#### MATERIAL PROVIDED:
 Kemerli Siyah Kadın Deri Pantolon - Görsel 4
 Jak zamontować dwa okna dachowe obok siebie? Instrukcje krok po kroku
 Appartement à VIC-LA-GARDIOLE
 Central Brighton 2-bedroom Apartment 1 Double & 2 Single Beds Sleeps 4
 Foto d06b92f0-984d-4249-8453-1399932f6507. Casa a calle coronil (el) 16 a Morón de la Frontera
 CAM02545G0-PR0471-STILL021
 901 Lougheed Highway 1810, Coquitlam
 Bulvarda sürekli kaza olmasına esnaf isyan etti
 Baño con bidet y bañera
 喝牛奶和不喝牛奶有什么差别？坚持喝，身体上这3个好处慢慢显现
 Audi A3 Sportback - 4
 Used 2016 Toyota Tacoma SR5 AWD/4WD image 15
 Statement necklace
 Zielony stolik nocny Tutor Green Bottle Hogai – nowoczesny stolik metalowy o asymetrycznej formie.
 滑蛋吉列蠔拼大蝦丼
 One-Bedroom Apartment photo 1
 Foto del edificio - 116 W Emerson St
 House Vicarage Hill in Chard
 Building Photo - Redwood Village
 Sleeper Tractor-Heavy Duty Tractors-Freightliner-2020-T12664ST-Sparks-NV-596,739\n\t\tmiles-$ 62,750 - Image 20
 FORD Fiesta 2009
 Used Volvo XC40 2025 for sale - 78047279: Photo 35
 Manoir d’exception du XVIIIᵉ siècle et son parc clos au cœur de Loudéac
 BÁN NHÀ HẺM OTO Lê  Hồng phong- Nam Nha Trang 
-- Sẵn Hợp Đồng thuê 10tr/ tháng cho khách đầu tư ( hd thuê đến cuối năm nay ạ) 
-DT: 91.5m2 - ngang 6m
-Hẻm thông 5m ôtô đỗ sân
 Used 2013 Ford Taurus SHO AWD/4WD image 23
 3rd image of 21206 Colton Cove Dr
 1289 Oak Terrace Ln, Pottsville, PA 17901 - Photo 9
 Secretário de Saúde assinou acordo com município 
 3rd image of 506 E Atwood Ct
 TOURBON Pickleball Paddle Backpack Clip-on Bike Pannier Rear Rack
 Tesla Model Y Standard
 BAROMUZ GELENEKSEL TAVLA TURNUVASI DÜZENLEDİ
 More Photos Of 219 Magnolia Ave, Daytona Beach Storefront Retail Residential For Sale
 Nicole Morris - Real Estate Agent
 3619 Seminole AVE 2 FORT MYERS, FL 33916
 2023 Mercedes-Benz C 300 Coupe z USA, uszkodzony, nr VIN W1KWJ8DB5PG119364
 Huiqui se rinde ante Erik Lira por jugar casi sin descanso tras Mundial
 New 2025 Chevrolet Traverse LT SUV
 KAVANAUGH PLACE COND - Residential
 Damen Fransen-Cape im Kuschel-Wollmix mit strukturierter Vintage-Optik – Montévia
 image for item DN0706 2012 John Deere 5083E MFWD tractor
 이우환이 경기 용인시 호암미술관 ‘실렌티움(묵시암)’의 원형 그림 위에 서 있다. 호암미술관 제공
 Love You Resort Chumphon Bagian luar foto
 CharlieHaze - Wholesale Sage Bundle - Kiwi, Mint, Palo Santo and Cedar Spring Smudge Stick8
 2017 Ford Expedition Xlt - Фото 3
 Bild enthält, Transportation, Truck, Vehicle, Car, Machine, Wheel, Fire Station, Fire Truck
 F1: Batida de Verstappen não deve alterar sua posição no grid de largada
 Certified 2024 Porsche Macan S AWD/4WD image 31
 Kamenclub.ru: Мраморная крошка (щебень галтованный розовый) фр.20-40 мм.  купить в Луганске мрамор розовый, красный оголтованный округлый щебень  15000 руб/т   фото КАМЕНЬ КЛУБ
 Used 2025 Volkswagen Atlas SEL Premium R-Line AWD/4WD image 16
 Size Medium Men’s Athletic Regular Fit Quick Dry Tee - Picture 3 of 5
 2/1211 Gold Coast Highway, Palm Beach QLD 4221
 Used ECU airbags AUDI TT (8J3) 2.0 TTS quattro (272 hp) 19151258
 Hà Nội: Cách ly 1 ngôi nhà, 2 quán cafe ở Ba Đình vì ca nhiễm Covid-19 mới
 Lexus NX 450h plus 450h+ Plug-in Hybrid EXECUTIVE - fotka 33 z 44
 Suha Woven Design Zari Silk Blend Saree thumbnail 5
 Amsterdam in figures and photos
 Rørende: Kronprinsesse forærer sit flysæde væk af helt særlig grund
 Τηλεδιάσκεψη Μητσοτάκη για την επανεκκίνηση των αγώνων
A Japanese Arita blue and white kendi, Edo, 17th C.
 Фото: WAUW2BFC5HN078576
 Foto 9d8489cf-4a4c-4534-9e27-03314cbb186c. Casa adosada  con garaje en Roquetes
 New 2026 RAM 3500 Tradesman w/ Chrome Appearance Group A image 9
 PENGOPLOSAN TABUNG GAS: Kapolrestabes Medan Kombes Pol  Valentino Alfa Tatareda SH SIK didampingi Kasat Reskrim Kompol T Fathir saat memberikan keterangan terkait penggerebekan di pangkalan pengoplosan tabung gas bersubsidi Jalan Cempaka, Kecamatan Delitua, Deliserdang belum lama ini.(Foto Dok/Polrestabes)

#### WHAT YOU WILL DO:
Set down only the lines running from the line with "2/1211 Gold Coast" to the end of the entries above, both included, exactly as they stand.

#### EXERCISE ANSWER:
 2/1211 Gold Coast Highway, Palm Beach QLD 4221
 Used ECU airbags AUDI TT (8J3) 2.0 TTS quattro (272 hp) 19151258
 Hà Nội: Cách ly 1 ngôi nhà, 2 quán cafe ở Ba Đình vì ca nhiễm Covid-19 mới
 Lexus NX 450h plus 450h+ Plug-in Hybrid EXECUTIVE - fotka 33 z 44
 Suha Woven Design Zari Silk Blend Saree thumbnail 5
 Amsterdam in figures and photos
 Rørende: Kronprinsesse forærer sit flysæde væk af helt særlig grund
 Τηλεδιάσκεψη Μητσοτάκη για την επανεκκίνηση των αγώνων
A Japanese Arita blue and white kendi, Edo, 17th C.
 Фото: WAUW2BFC5HN078576
 Foto 9d8489cf-4a4c-4534-9e27-03314cbb186c. Casa adosada  con garaje en Roquetes
 New 2026 RAM 3500 Tradesman w/ Chrome Appearance Group A image 9
 PENGOPLOSAN TABUNG GAS: Kapolrestabes Medan Kombes Pol  Valentino Alfa Tatareda SH SIK didampingi Kasat Reskrim Kompol T Fathir saat memberikan keterangan terkait penggerebekan di pangkalan pengoplosan tabung gas bersubsidi Jalan Cempaka, Kecamatan Delitua, Deliserdang belum lama ini.(Foto Dok/Polrestabes)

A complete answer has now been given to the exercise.